There are websites on the Internet devoted to “revenge porn”, apparently, which is where, on the failure of a relationship, someone chooses to post kinky photographs of a former girlfriend or boyfriend online. Other similar cases would include the posting of revealing self-images without the person’s authorisation, although not necessarily as a result of the failure of a relationship.

It has been announced that “revenge porn” will now be illegal.

I’m sure the people whose photographs are posted online will be upset — but I’m not so sure this should be illegal. Someone who has sent others such photographs, and there are many people who send such images to all and sundry, has chosen to put such images into the public domain. A person with a certain level of standards would never send such images in the first place. Why should such people be allowed to control the image after it has left their phone or computer?

Like it or not, revenge porn is a well-deserved punishment of a certain type of person. As the people involved are not children — which is another issue — why is this going to become illegal?

Indeed, where is the substantial harm? Few people look at such websites, and the chances of anyone finding a certain person’s naked images on a revenge porn website are close to zero. Even if someone’s images become known within the local community, there is still no genuine harm involved.

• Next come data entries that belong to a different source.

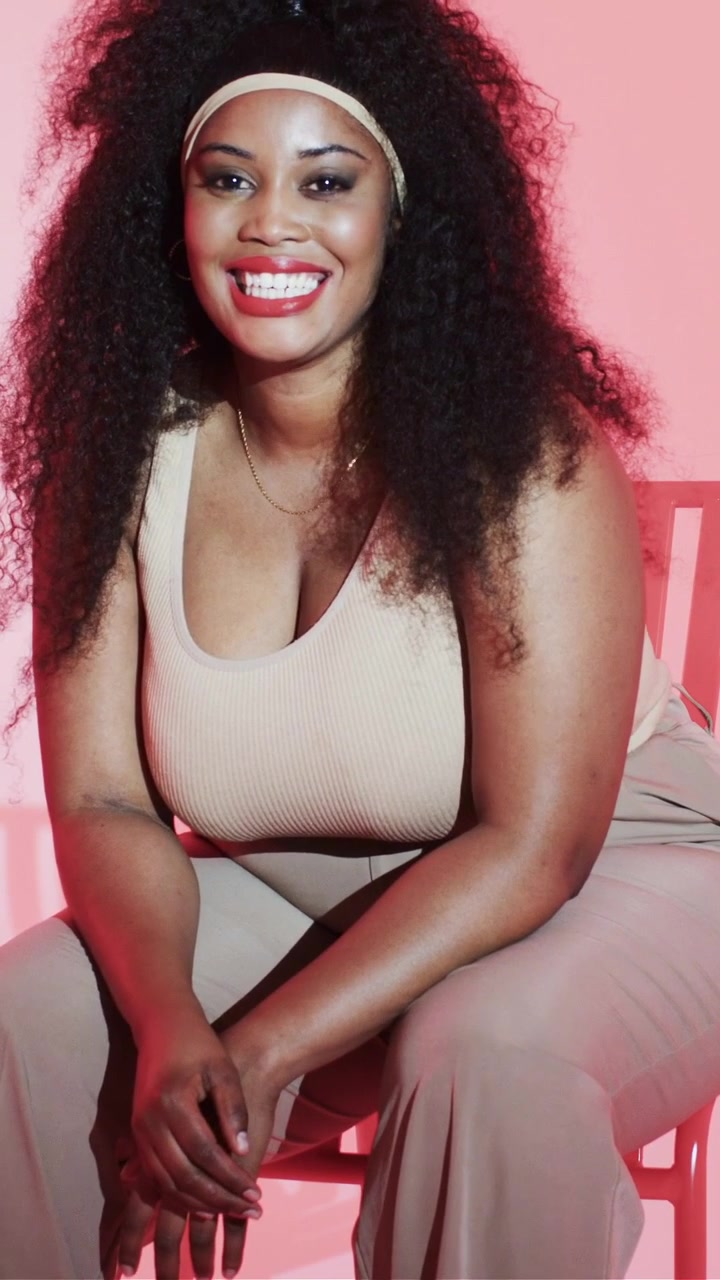 Vertical video: Posing on camera woman wearing beige top lifting chin then smiling on pink backdrop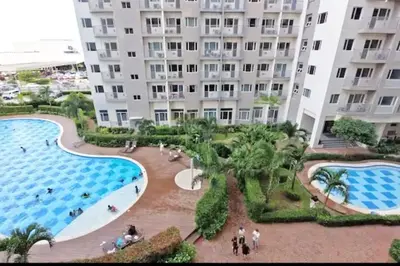 a view of a large apartment building with two pools at Chic 2BR Condo Unit at South Residences in Manila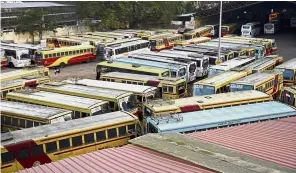  ??  ?? Going nowhere: The main bus terminus after schedules were cancelled during the strike in Thiruvanan­thapuram to protest the entry of women at the Sabarimala temple. — AP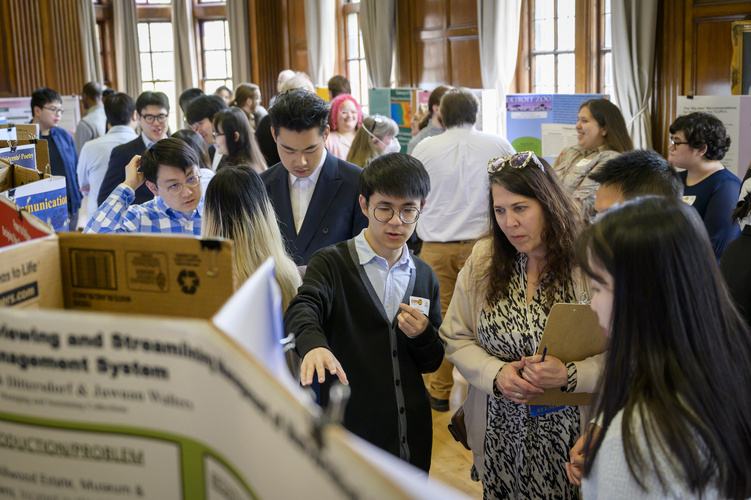 Students look over posters in a conference room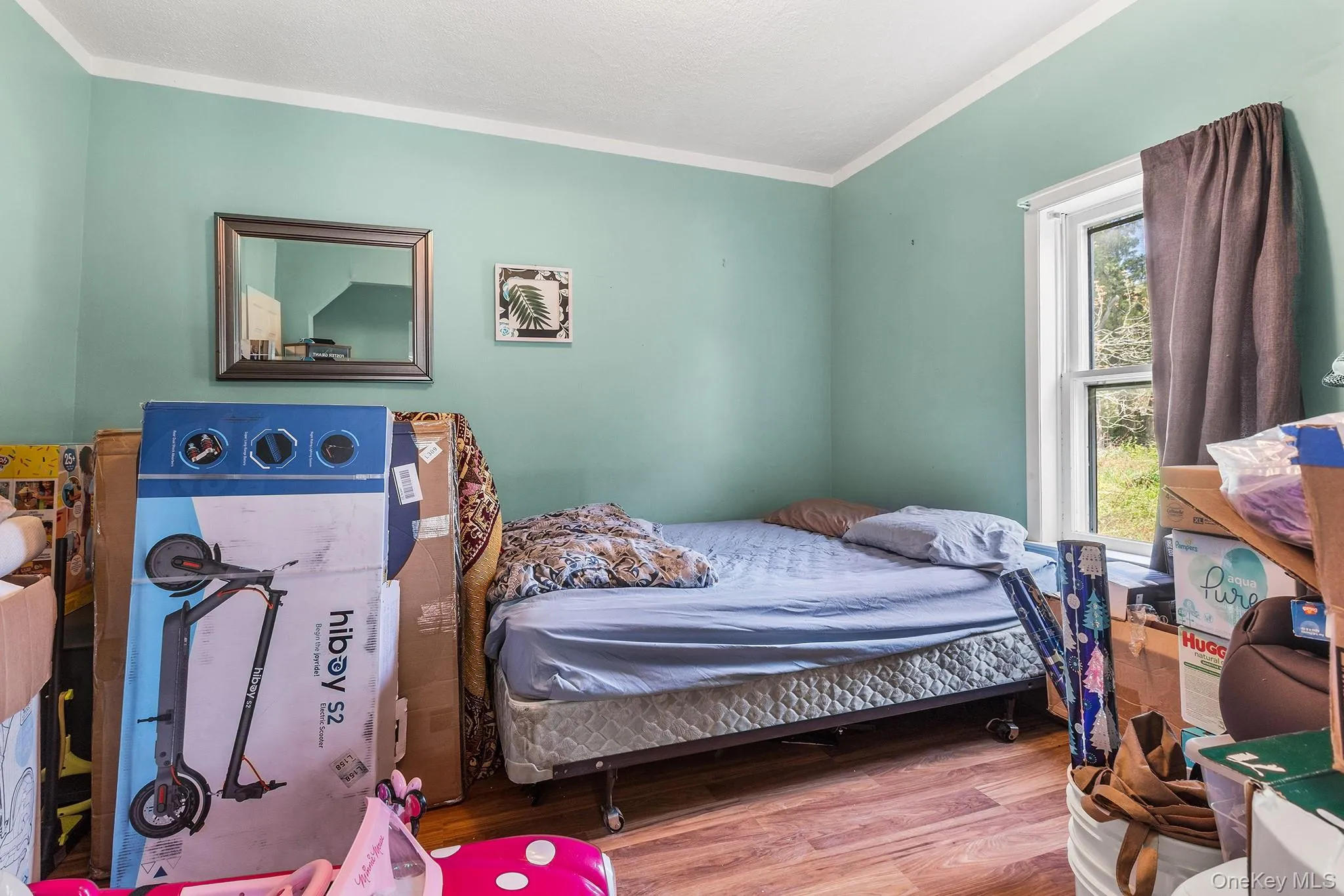 Room featuring wood-finish flooring, a single window, and light-colored wall paint Room featuring wood-finish flooring, a single window, and light-colored wall paint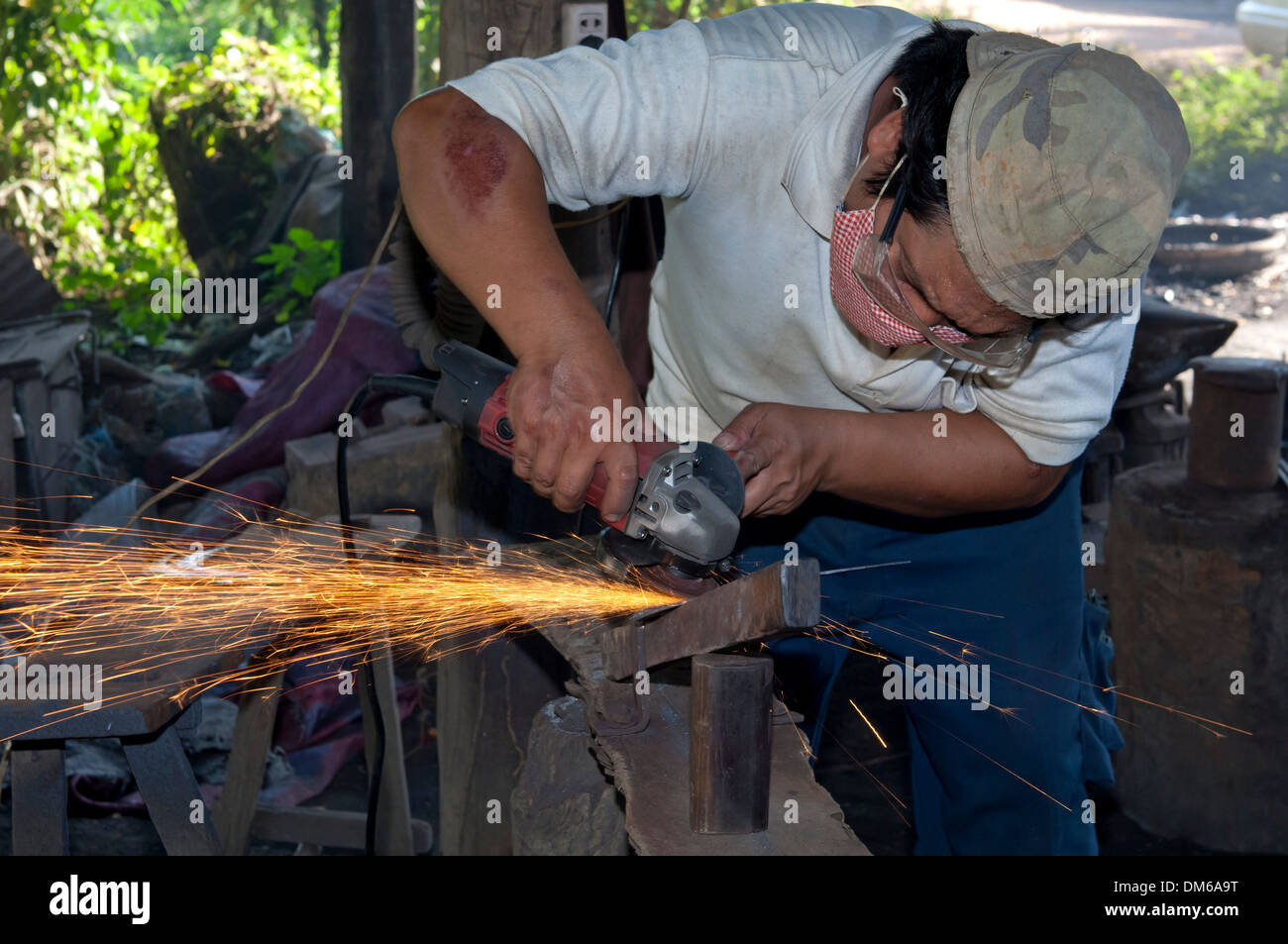 Metal worker grinding in a metalworking shop, Battambang, Cambodia Stock Photo
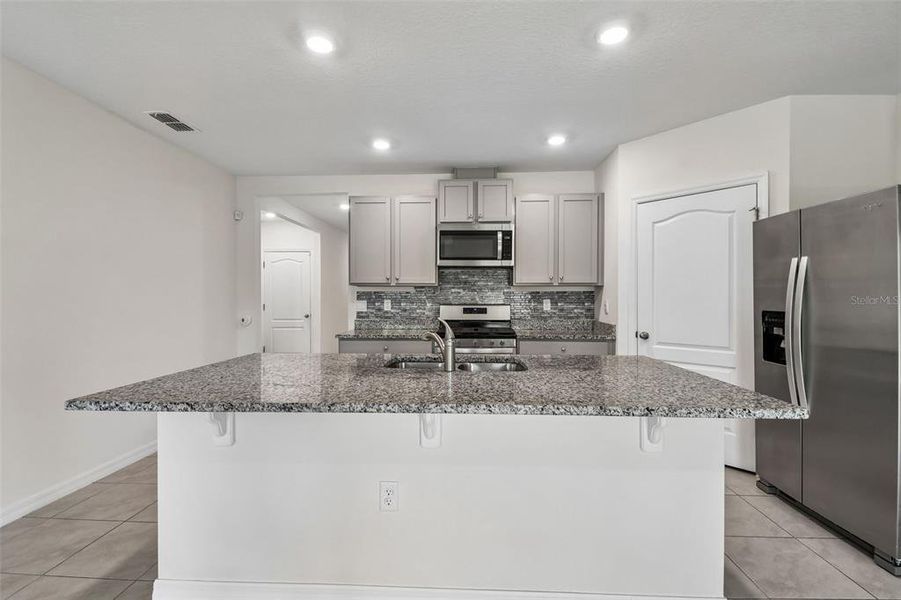 Furnished interior view inside a new home in Riviera Bella, Debary (Image 12).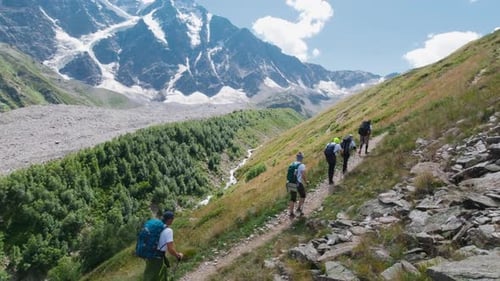 Active tourists go to mountains on a sunny day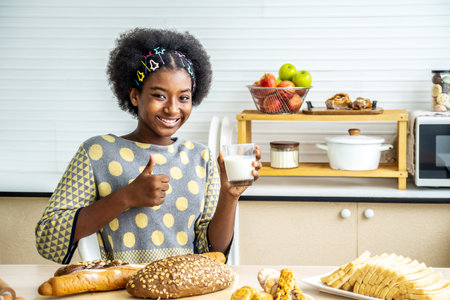 Young happy woman african american afro hair drinking a glass of milk at home happy with big smile doing ok sign, thumb up with fingers, excellent signの写真素材
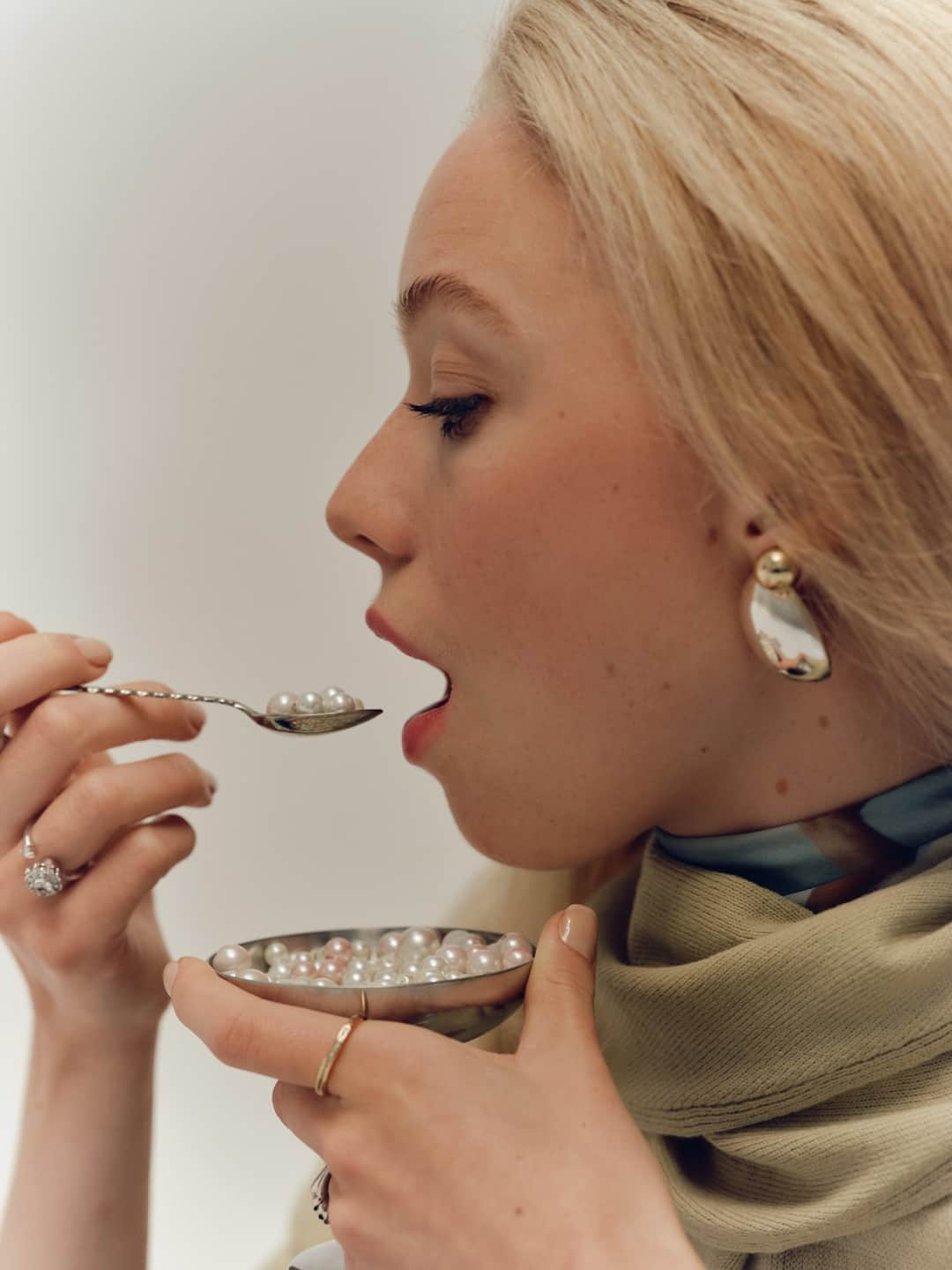 Woman wearing pearl drop earrings and rings eating caviar, luxury portrait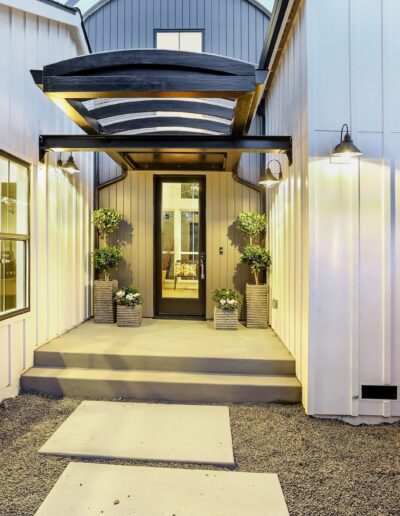 Modern house entrance with a glass door, metal awning, and potted plants on either side. Wood and metal siding with a wooden fence complete the exterior.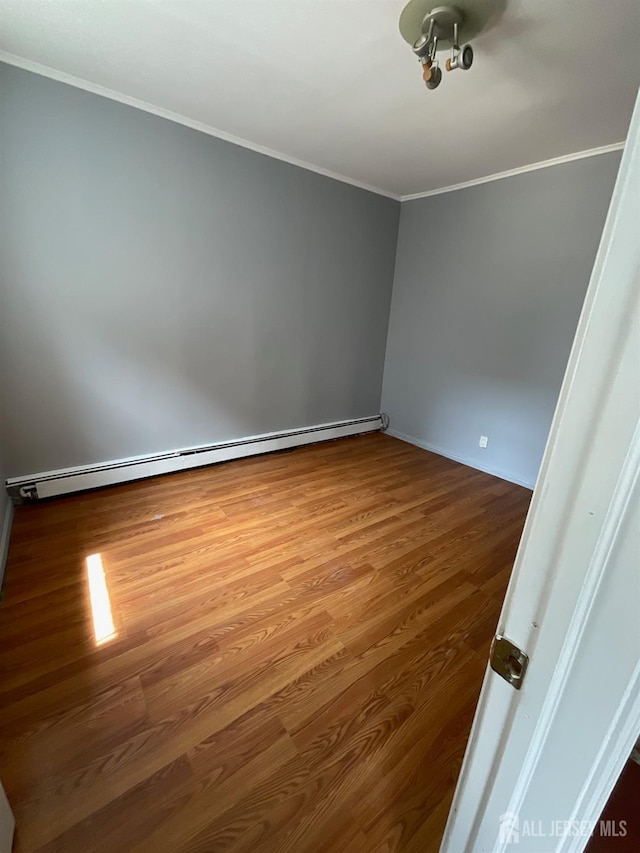 79 W 18th St, Bayonne, NJ 07002 - empty room featuring a baseboard heating unit, crown molding, and wood finished floors
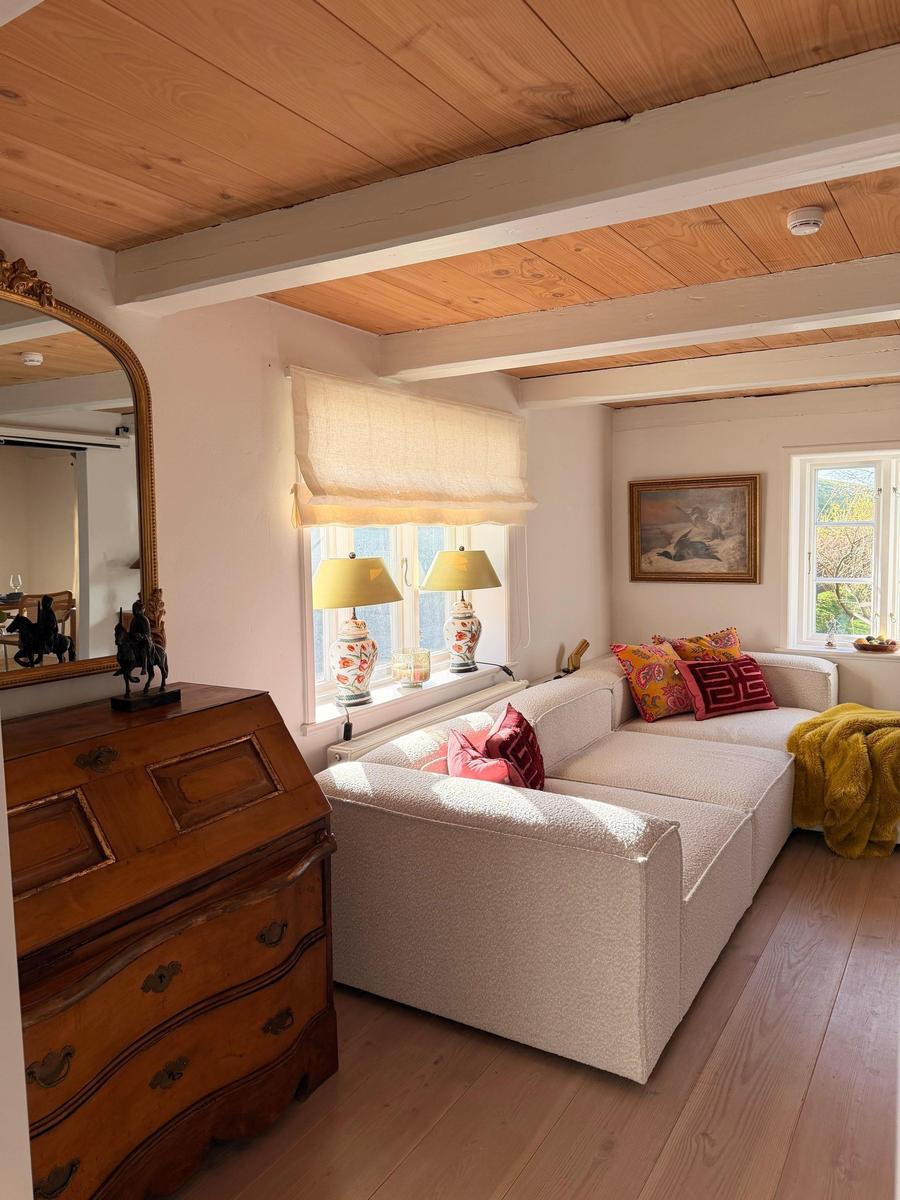 Wohnzimmer mit Sofa, Holzdecke und Fenster. Holzschrank und Lampen sind sichtbar.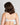 Model wears Embrace Contour Bra in LUNAR ROCK MARLE. On body back view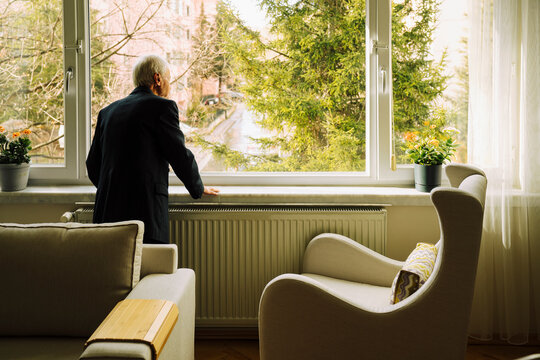 Senior man looking outside window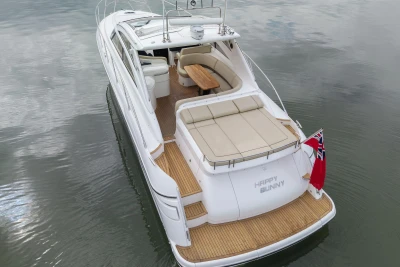 2006 Princess V48 yacht with spacious deck and seating, named 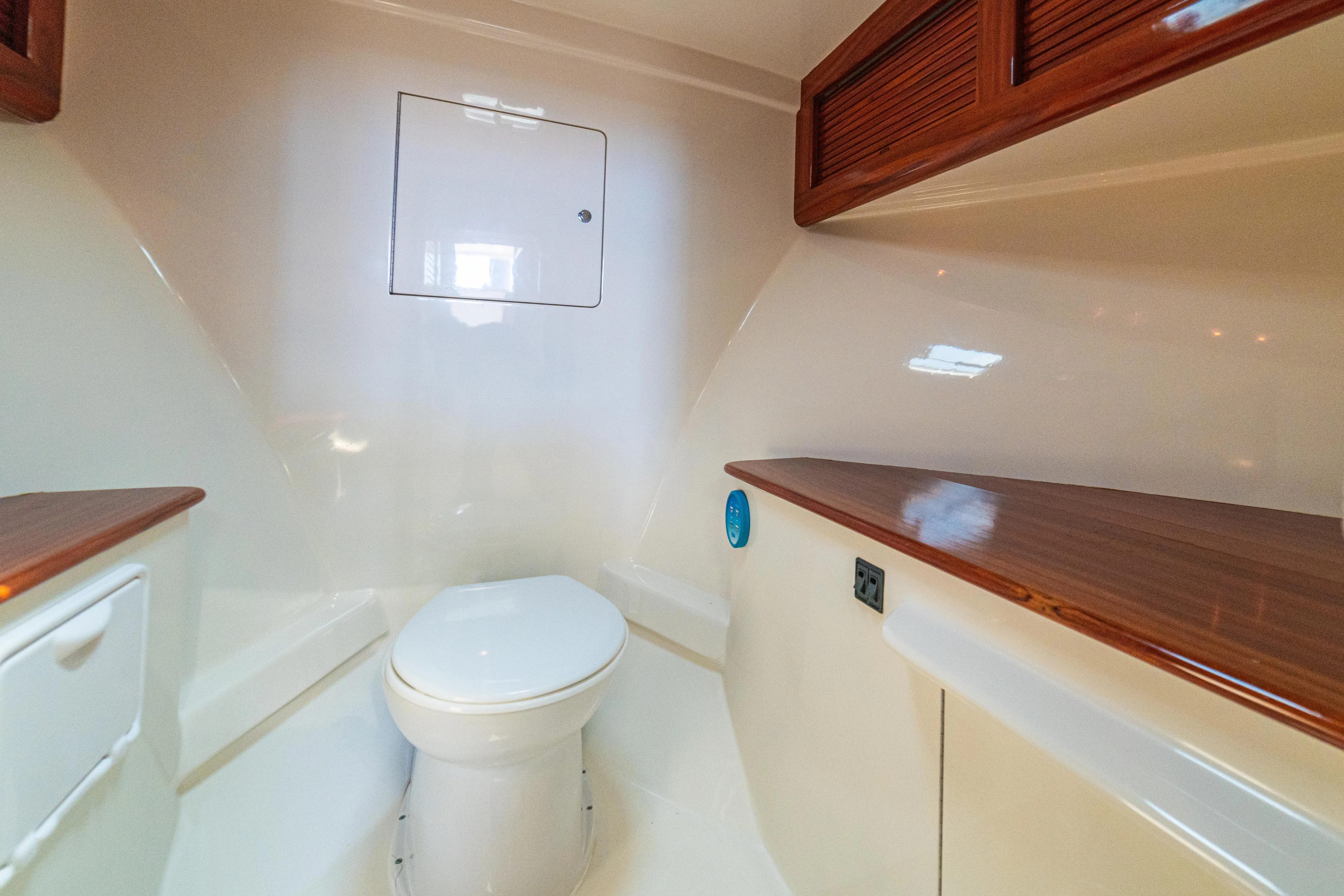 Pez Collector Yacht Photos Pics 2010 Custom Marcam 43 Convertible yacht bathroom with modern fixtures and wooden accents.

It seemed once that the Internet was a zone of freedom, where most of the laws that complicate life in the real world didn’t apply or weren’t applied. Now there is a frenetic attempt to legislate for the Internet. Would it not be more sensible to take the view that the bar for “serious harm” relating to anything posted online must be very high indeed – given the huge amounts of information, reliable and unreliable, on the Internet, and the “throwaway” nature of all postings on the Internet? Unfortunately, the Internet was a great opportunity for libertarians to support the development of a new realm of life that was not encumbered with petty laws – and yet that chance is now slipping away from us.